Wednesday, December 30, 2009

Union calls on GM to pursue alternative to Saab closure

The European Metalworkers' Association has called General Motors to back workers at Saab's Trollhattan factory who, it says, have made enormous sacrifices to reduce costs and help the company survive the economic crisis.

These efforts, together with the consultation process with the Swedish unions and authorities, have produced a viable business plan for the future of the company, says the Union.

"We trust therefore that General Motors will fully shoulder its responsibilities and agree on an alternative solution to closure of the Trollhattan plant so that all these efforts will not have been in vain", said EMF General Secretary Peter Scherrer.

Closure would mean the loss of the 3,400 direct jobs in the company as well as up to 10,000 indirect jobs in supplier companies in the region. Manufacturing industry in the area has already been hard hit by the crisis, but closure of Saab would also put the entire Swedish vehicle manufacturing industry at risk.

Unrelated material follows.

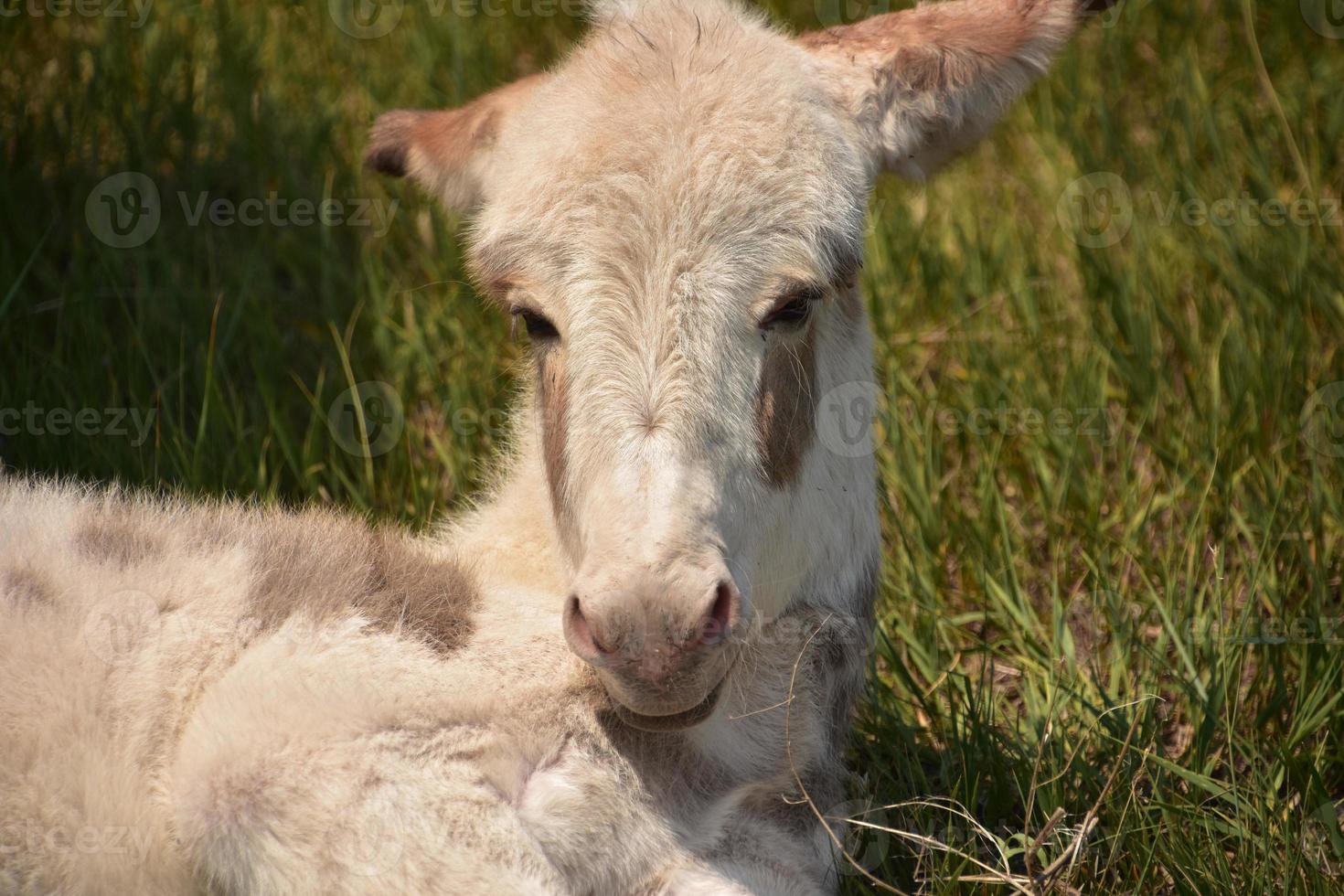 bébé burro blanc avec ses oreilles tirées vers l'arrière photo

Saab Automobile is in fact a viable company with a highly-skilled workforce that can produce high-quality, competitive cars, says the Union, which says the plant is now ready to go ahead with production of a new model.

The Union says that it fully supports the appeal from the Swedish unions to General Motors management to thoroughly investigate new offers despite the company's announcement that it would begin closure of the Saab Automobile Trollhattan plant last Friday.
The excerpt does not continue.